Keep the road cuts coming. Seeing a pro in field working through what he sees is helpful to me in my very amateur attempts.
You, Steve Baumann and Dr Nat are all doing great work with your insightful and accessible YT geology videos. I cannot over estimate the contribution you all are making to general understanding of such a vital branch of science. Essential viewing every time!!
I really liked this format. Geology unplugged. Thank you so much.
Glad you enjoyed it!
From what I was able to find, these rocks are Carboniferous aged marine rocks that is mostly chert, like you suspected in the video, argillite, hornfels, and sandstone.
My family and I used to camp and fish in the June Lake area every summer. It is beautiful there and still one of my favorite places I've been to. Neat to see part of it shown here.
I had several geology professors at the University of Montana in the early 70s who started the roadside geology series.........these videos take me back......great job!!!
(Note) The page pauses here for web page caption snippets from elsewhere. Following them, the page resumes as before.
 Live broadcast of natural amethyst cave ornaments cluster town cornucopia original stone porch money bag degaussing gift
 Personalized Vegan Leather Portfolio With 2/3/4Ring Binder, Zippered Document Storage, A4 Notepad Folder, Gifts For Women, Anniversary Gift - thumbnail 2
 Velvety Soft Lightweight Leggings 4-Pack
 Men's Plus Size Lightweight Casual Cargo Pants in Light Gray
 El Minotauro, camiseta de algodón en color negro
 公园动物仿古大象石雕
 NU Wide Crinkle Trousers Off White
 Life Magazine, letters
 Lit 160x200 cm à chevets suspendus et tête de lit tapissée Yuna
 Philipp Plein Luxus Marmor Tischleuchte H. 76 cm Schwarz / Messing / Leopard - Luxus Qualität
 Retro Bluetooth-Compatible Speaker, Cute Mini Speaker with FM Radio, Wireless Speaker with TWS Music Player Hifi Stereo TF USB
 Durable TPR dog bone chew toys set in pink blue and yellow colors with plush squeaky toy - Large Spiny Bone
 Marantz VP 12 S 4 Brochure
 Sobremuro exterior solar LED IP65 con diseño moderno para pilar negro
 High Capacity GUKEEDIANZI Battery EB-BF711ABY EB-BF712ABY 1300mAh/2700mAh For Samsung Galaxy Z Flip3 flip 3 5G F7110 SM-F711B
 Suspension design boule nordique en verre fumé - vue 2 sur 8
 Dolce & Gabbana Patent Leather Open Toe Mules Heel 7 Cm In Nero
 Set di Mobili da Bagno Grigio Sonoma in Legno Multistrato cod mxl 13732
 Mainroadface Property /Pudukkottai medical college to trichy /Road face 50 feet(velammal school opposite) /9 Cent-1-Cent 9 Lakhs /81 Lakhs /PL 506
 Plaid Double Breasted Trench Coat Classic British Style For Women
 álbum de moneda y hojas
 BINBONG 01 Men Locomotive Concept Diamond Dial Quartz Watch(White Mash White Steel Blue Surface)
This new series is definitely the Gift That Keeps on Giving: I find myself returning for second and third looks, like I would when visiting an art museum. But the really big surprise: my 'own' road cuts which I pass all the time are 'suddenly' taking on a new look, gaining personalities, and actually enticing me to stop for closer looks!
Love this
Love these Random Roadcuts, Professor Wilsey! It’s very instructive to see how you approach an unknown outcrop. Please keep these videos coming!
I do like the random road cut series.
"Good, well-behaved sedimentary rocks." Love it.
What I love about how you present this in this format is that you give the novices like me a chance to answer or have a hypothesis and when you give your professional hypothesis and it matches with mine i feel that i am learning so much by watching this series and the other programmes you have done. . I hope one day that you will come and do a few in the Uk
Hope to do so. Thanks for learning with me.
Retired Geologist - mostly east coast and southeast US - now living in CA. Thanks for these - nice to pick a little geology of my new neighborhood.
I like this roadcut series, you really get down to the nitty gritty of geology in trying to fathom out the makings of a terrain. I used to think a geologist could just take a quick look and he/she knew all about already.
I have enjoyed your videos, including the "road-cuts" series. You mentioned the "roof pendants" of the Sierra Nevada range. I would really appreciate a video on the "roof pendants" located above Convict Lake. They extend further south and from a geological perspective are fascinating. In the early 90's I participated in a 5 day Sierra Nevada geology field trip. Hearing and observing geology classes in the field is priceless. We had one class on the shores of Convict Lake and I have never forgotten it. There is a road cut just north of Tom's Place on 395 with vertical fractures filled with sediments. You are proving that new discoveries and understanding of geological processes can be found everywhere. Another place worth exploring is Lookout Mountain near Obsidian Dome. There are some great outcrops of obsidian and an overview of the Long Valley Caldera and Mammoth Mountain area.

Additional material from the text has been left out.